== RECORDS PROVIDED ==

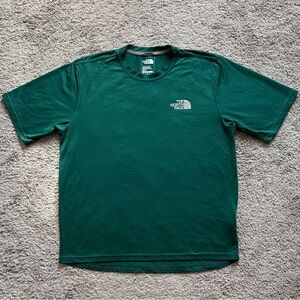 NWOT The North Face Active Fit FlashDry Short Sleeve Shirt Dark Green Size M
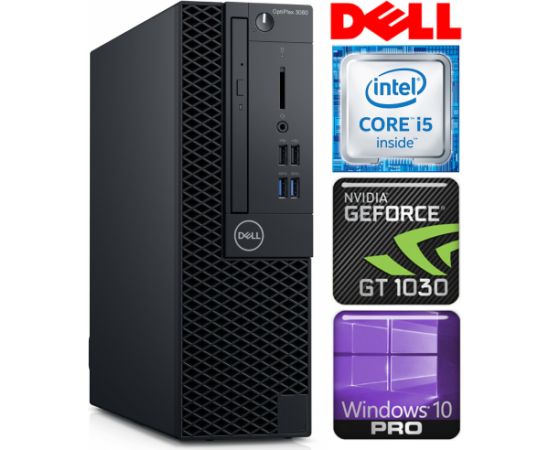 DELL 3060 SFF i5-8500 8GB 256SSD M.2 NVME GT1030 2GB DVD WIN10Pro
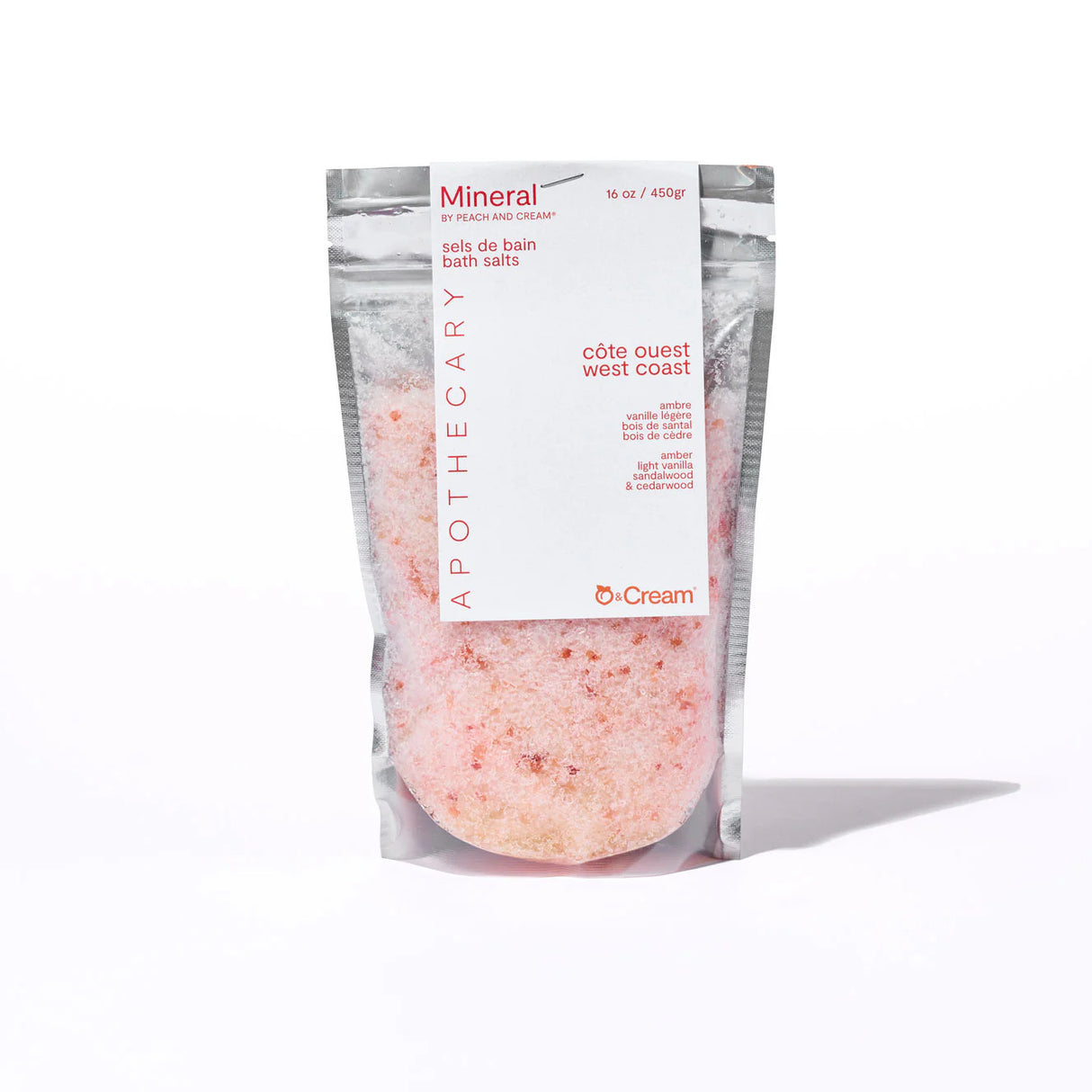 Mineral Bath Salts Peach & Cream - Boutique Séduction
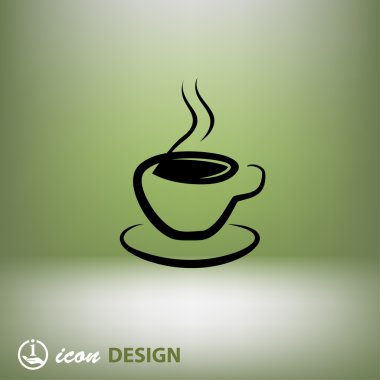 soyut resim Kupası.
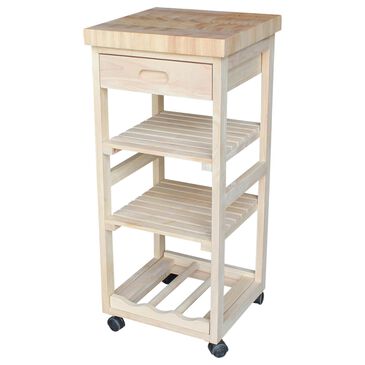 International Concepts Kitchen Trolley in Unfinished, , large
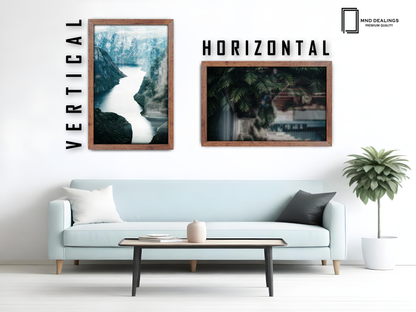 18 x 12 Inch / ( 45.72 x 30.48 CM )  |  Frames - MDF
 -  [ Rustic ]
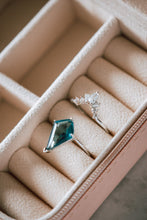 Load image into Gallery viewer, Samara 2PC Blue Crystal Ring Set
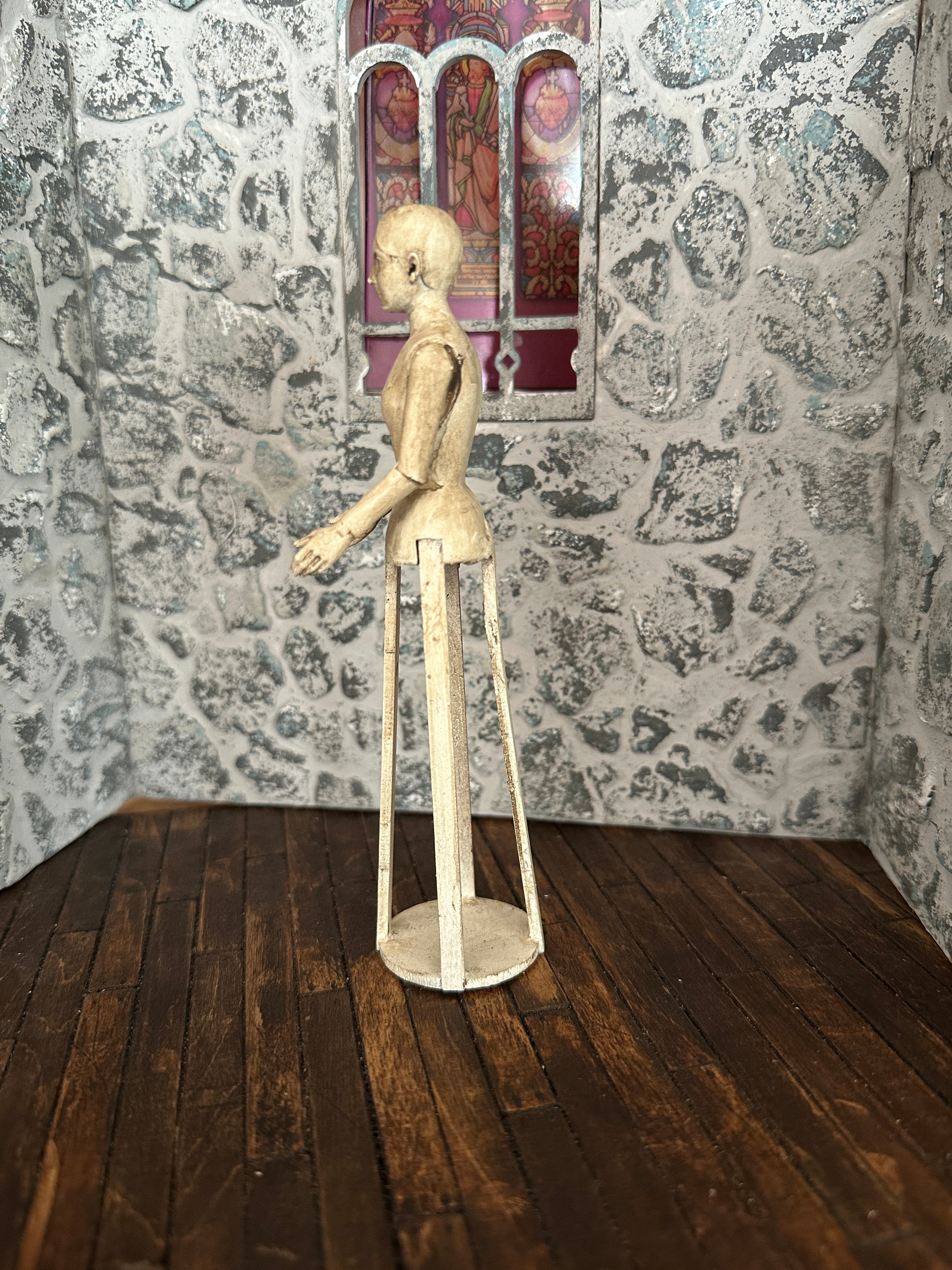 Dollshouse Miniature 1:12 scale Cage Doll Santos 18th Century Mannequin LARGE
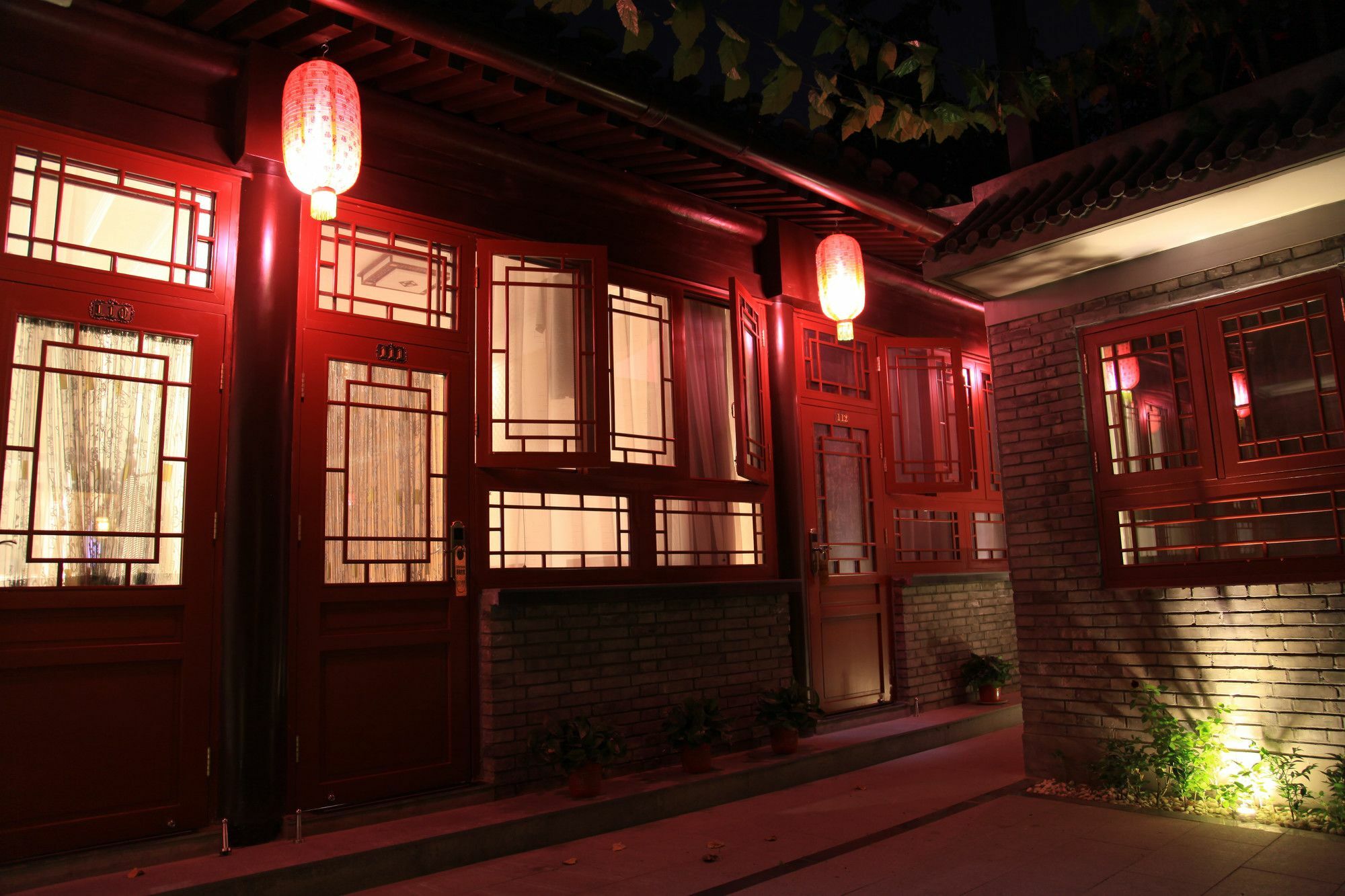 Zhantan Courtyard Hotel Pekin Dış mekan fotoğraf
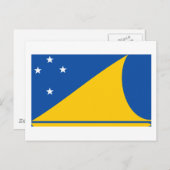 Tokelau-Flagge Postkarte (Vorne/Hinten)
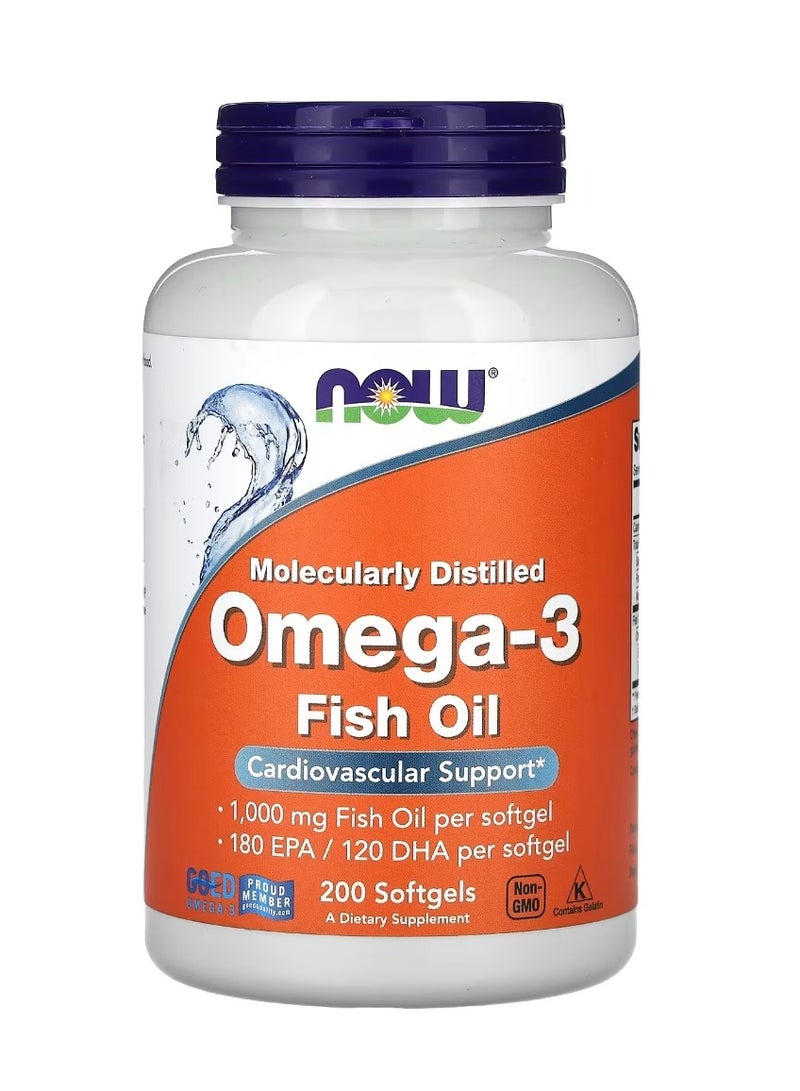 Omega-3 Fish Oil 200 Softgels - pnsku/N70110125V/45/_/1726466524/9a382e08-38af-4f4a-b909-8ed0cb7dd6c7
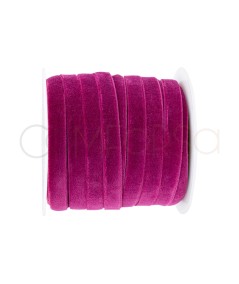 Dark pink velvet elastic band 10mm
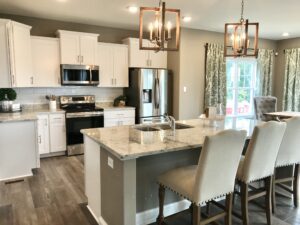 Willow upgraded kitchen by Boyd Homes.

===

## THE PROBLEM
From the first line of the records down through the line containing "soyut resim Kupası.", transcribe exactly those lines and no others, both ends kept, pictures dropped.

## WRITTEN REPLY
 NWOT The North Face Active Fit FlashDry Short Sleeve Shirt Dark Green Size M
 DELL 3060 SFF i5-8500 8GB 256SSD M.2 NVME GT1030 2GB DVD WIN10Pro
 Mineral Bath Salts Peach & Cream - Boutique Séduction
 soyut resim Kupası.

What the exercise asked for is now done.